(Given data begins)

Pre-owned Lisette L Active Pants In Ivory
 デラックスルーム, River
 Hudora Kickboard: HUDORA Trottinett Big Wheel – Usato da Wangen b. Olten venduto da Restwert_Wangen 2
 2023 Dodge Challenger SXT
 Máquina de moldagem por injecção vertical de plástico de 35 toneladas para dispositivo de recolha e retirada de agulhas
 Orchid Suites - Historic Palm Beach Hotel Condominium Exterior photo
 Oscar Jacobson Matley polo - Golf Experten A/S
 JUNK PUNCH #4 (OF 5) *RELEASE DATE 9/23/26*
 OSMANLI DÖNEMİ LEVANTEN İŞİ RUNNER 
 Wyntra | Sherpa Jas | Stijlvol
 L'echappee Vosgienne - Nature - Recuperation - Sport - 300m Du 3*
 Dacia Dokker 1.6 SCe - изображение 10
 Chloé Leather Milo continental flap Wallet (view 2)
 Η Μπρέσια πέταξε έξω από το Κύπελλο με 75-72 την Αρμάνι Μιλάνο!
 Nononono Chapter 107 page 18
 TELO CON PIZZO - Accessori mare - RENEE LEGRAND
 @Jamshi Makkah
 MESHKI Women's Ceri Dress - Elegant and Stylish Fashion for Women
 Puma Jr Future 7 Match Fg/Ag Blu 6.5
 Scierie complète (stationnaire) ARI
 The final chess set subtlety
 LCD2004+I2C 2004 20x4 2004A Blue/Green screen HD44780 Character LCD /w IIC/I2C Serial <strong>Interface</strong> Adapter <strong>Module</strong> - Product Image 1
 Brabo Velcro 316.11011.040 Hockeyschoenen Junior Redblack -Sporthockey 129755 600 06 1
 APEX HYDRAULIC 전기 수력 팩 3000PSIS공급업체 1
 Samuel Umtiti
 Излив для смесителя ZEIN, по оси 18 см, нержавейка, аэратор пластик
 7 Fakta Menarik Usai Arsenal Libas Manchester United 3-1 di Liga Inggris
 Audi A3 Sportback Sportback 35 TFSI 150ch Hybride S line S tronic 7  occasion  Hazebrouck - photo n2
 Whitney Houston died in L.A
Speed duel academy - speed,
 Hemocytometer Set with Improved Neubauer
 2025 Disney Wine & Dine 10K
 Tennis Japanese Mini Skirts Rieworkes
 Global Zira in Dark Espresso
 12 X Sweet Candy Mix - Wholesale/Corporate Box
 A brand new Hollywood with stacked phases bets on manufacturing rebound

(Given data ends)

Spot every line in the entries that includes the word "with", and copy each one out.

# [Answer to the exercise]
 Hemocytometer Set with Improved Neubauer
 A brand new Hollywood with stacked phases bets on manufacturing rebound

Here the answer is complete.